You may have string which doesn't have * so split("*") may get only one string but you use [1] to get second string.

So you may need

if "ALL(" in value and "*)" in value:

May version with other changes:

list is reserved word to create list so I use variable selected
I use value instead of param_exp[key]
during split I keep value which is before ALL( and after *) so I don't have to split it again to creat string

df_filtered = ['P99.1', 'P99.2', 'P99.3', 'P11.1', 'P11.2', 'P11.3']
param_exp = {'AVG.P99' : '@df.mean(ALL(P99.*))'}

for key, value in param_exp.items():

    if "ALL(" in value and "*)" in value:
        before, rest = value.split("ALL(")
        search_parm, after = rest.split("*)")
    
        print('search_parm:', search_parm)

        selected = []
        for column in df_filtered:
            if search_parm in column:
                selected.append(column)

        print('selected:', selected)
        
        string = ",".join(selected)
        string = before + string + after
        param_exp[key] = string
    
print('param_exp:', param_exp)

Result:

search_parm: P99.
selected: ['P99.1', 'P99.2', 'P99.3']
param_exp: {'AVG.P99': '@df.mean(P99.1,P99.2,P99.3)'}

Maybe it could be better to use module fnmatch which can use * (any string, even empty) and ? (exactly one char, not empty) to search matching strings and then you could use i.e P?9.* or *.1. It is used by module glob to search filenames.

import fnmatch

df_filtered = ['P99.1', 'P99.2', 'P99.3', 'P11.1', 'P11.2', 'P11.3', 'P1.1']
param_exp = {
    'AVG.P99' : '@df.mean(ALL(P99.*))',
    'AVG.P??.1' : '@df.mean(ALL(P??.1))',
    'AVG.P*.1' : '@df.mean(ALL(P*.1))',
}

for key, value in param_exp.items():

    if "ALL(" in value and ")" in value:
        before, rest = value.split("ALL(", 1)
        search_parm, after = rest.split(")", 1)
    
        print('search_parm:', search_parm)

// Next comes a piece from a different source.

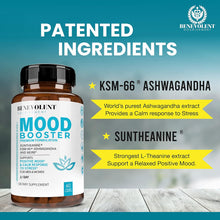 Calm Mood Booster Supplement - Natural Happy Pills for Stress, Sleep & Mood Support - Patented KSM-66® Ashwagandha & Suntheanine® L-Theanine, Rhodiola Rosea, Magnesium - 60 Count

        selected = fnmatch.filter(df_filtered, search_parm)
        
        print('selected:', selected)
        
        string = ",".join(selected)
        string = before + string + after
        param_exp[key] = string
    
print('param_exp:', param_exp)

Result:

search_parm: P99.*
selected: ['P99.1', 'P99.2', 'P99.3']

search_parm: P??.1
selected: ['P99.1', 'P11.1']

search_parm: P*.1
selected: ['P99.1', 'P11.1', 'P1.1']

param_exp: {'AVG.P99': '@df.mean(P99.1,P99.2,P99.3)', 'AVG.P??.1': '@df.mean(P99.1,P11.1)', 'AVG.P*.1': '@df.mean(P99.1,P11.1,P1.1)'}

EDIT:

It can be even simpler if you use f-string and put {ALL("P99.*"")} - so it will try to run function ALL() which you have to define.

But f-string is executed automatically and it can't use string from user input or from file/database

import fnmatch

def ALL(pattern):
    print('pattern:', pattern)
    selected = fnmatch.filter(df_filtered, pattern)
    print('selected:', selected)
    return ",".join(selected)
        
df_filtered = ['P99.1', 'P99.2', 'P99.3', 'P11.1', 'P11.2', 'P11.3']
param_exp = {'AVG.P99' : f'@df.mean({ALL("P99.*")})'}
    
print('param_exp:', param_exp)